I soldati italiani prigionieri durante la Seconda guerra mondiale sono stati spesso negletti dalla politica e ignorati dai libri di scuola, pur essendo da sempre oggetto di interesse da parte degli storici. E neppure tutti sono stati trattati allo stesso modo; se infatti si è parlato molto dei prigionieri della campagna di Russia, solo da qualche anno è stato squarciato il velo di colpevole silenzio che circondava i cosiddetti I.M.I., coloro che per ostilità al fascismo furono internati nei campi tedeschi dopo l'otto settembre del 1943. La vicenda dei soldati italiani in India è tuttora ignorata dai più, sebbene sia pregna della stessa sofferenza. Antonielli, testimone diretto, si è fatto carico di raccontare con questo romanzo una storia che, pur collocandosi ai margini dei grandi avvenimenti del secondo conflitto mondiale, meritava di essere narrata per non essere dimenticata. È la storia dei vinti, di un'umanità dolente e lacera che tuttavia conserva un fondo insopprimibile e inalienabile di dignità.
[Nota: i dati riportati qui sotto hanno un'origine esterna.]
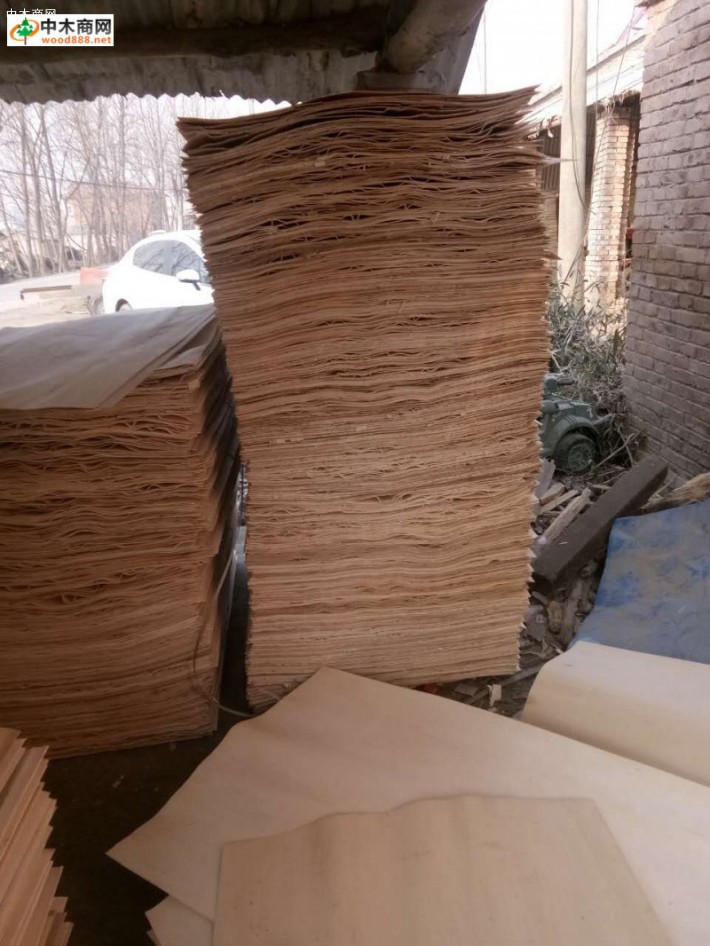 杨木三拼优点有哪些及价格多少钱一张杨木单板是消耗大量劳动力的产品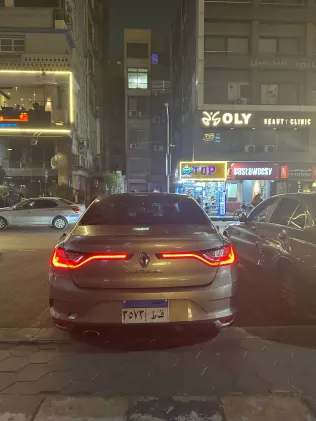 رينو ميجان 2020 أبيض مستعملة للبيع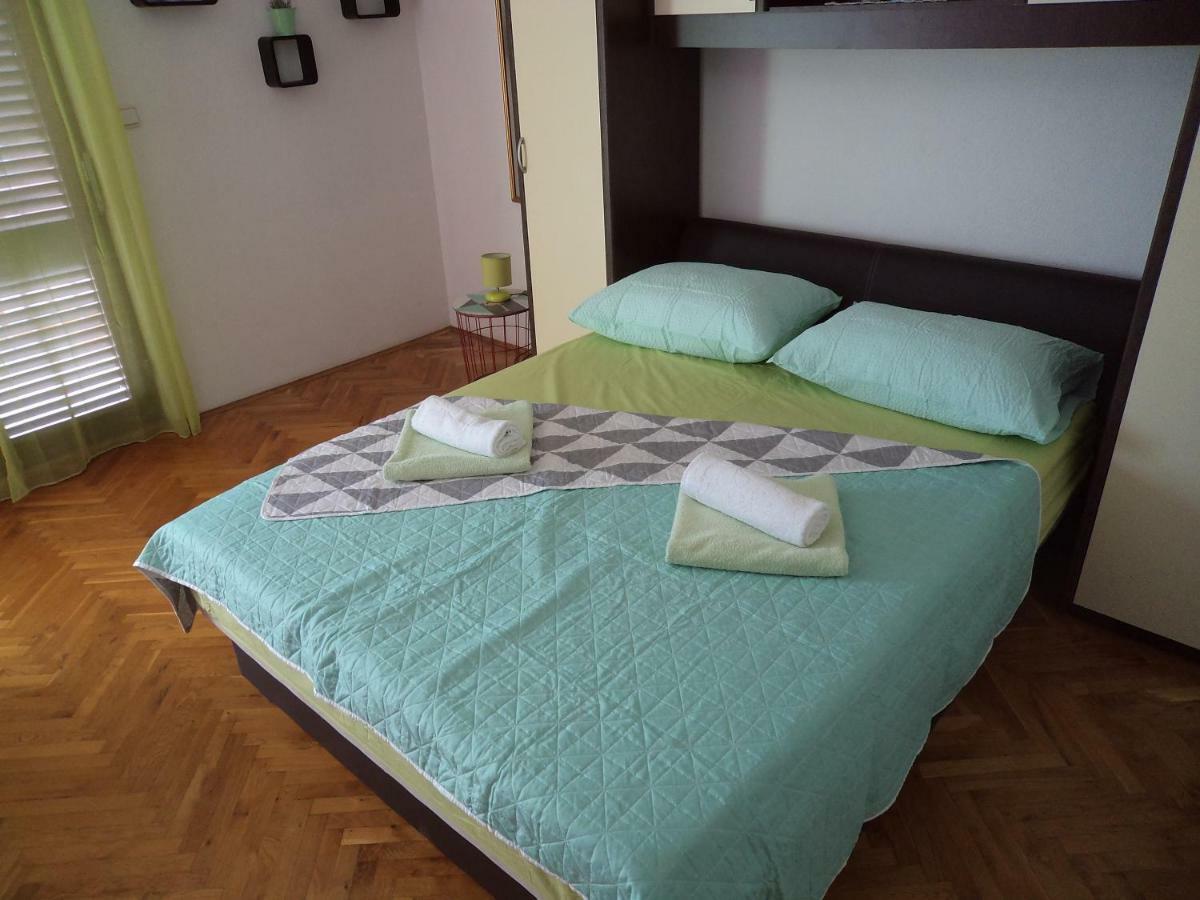Apartments Ana Подстрана Экстерьер фото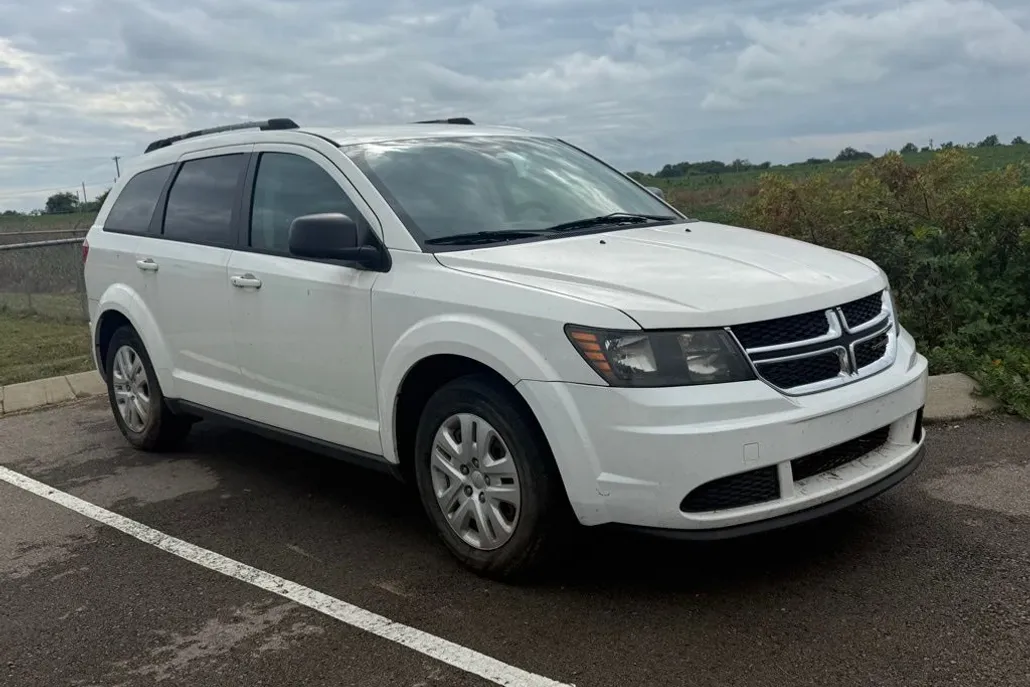 2017 Dodge Journey SE photo 1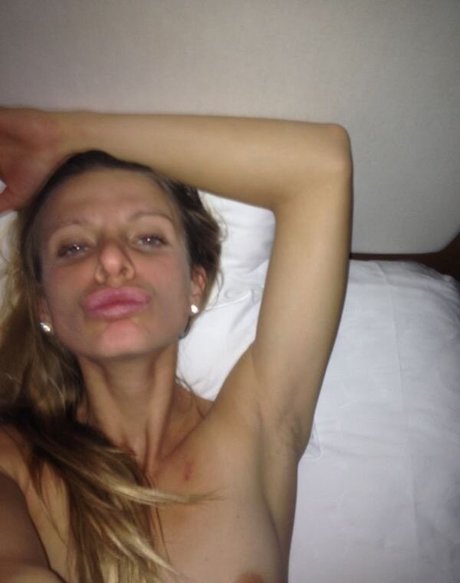 Nacktes geleaktes OnlyFans-Foto von Sesil Karatantcheva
«Ora sapeva che, posto il muro, gli uomini stanno dalla parte di qua: dei vinti. Avrebbe potuto dire agli inglesi: in questo gioco ho perso, ma è il vostro, un gioco volgare. Al mio ho vinto. Chi sei tu che mi tieni qua chiuso, che pubblichi sui giornali, della mia terra, solo le notizie che la infamano; che dici alla radio, della mia terra, della mia gente, solo quanto serve ad umiliarle? Tu sei uno che, perché altri della tua gente, vestiti come te, m'hanno abbattuto con le armi, mi vieni vicino col passo fermo e col volto del padrone. Ma sai che in me qualcosa vive che non è entrato in lotta, che non hai neanche sfidato: il mio nome e cognome; l'anima mia, i sogni per gli anni a venire, l'affetto per la donna che ho lasciata là, per mia madre che muore, forse, mentre ti parlo, lontana da me tutti questi chilometri che m'hai fatto percorrere tra le baionette. E in questo lo sai che non puoi vincermi a quel tuo gioco di botti e rombi e razzi e carri armati. Se qui mi sfidassi potresti perdere. E ti senti a disagio. E mentre a parole mi offendi, non mi guardi negli occhi.»